Rita Marley Foundation Essay Competition to go national
Shereita Grizzle, Gleaner Writer
It was the first staging, and the organisers opted to test the waters by only accepting entries from four schools across the island. Papine High, Marcus Garvey Technical High, Haile Selassie High and Bob Marley Primary and Junior High Schools were named as the participating schools in the inaugural Rita Marley Foundation Essay Competition, but based on the success of the first staging, organisers have announced that come next year, the competition will be held on a national level.
The announcement was made at an awards ceremony held at the Bob Marley Museum earlier this month. Obviously pleased with the success of the first staging, the foundation, while congratulating Ford and the other participants, revealed that, for the next staging of the competition, instead of a select few schools, other institutions across the island would get the opportunity to participate in the competition.
The winners of the competition were also revealed during the ceremony.
In a competition which saw nearly 1,000 entries, 16-year-old Omar Ford copped the top prize for his essay titled Bob Marley, His Music and Message. For his effort, Ford won the opportunity to have his work published in the upcoming issue of Harambe, the official newsletter of the Rita Marley Foundation.

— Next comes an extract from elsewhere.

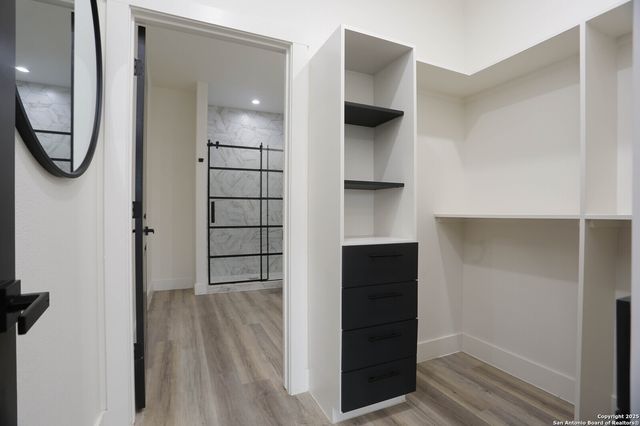 130 E Lachapelle, San Antonio, TX 78204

Second place went to Tia Green of Haile Selassie High School, third to Damain Walker from Bob Marley Primary and Junior High School, and fourth place to Suwayne Josephs of Marcus Garvey Technical.
The top four essays were selected based on criteria outlined by the foundation. It indicated that the pieces should outline the impact of Marley's music on youth, Jamaica, and the world. They should also highlight how Marley's life and message encouraged them to achieve their goals, as well as give their opinions on whether music can encourage peace, love and unity.
The judging panel included the likes of Dr Donna Hope-Marquis, Dr Leachim Semaj, Dr Kadamawe Knife, and Rita Marley.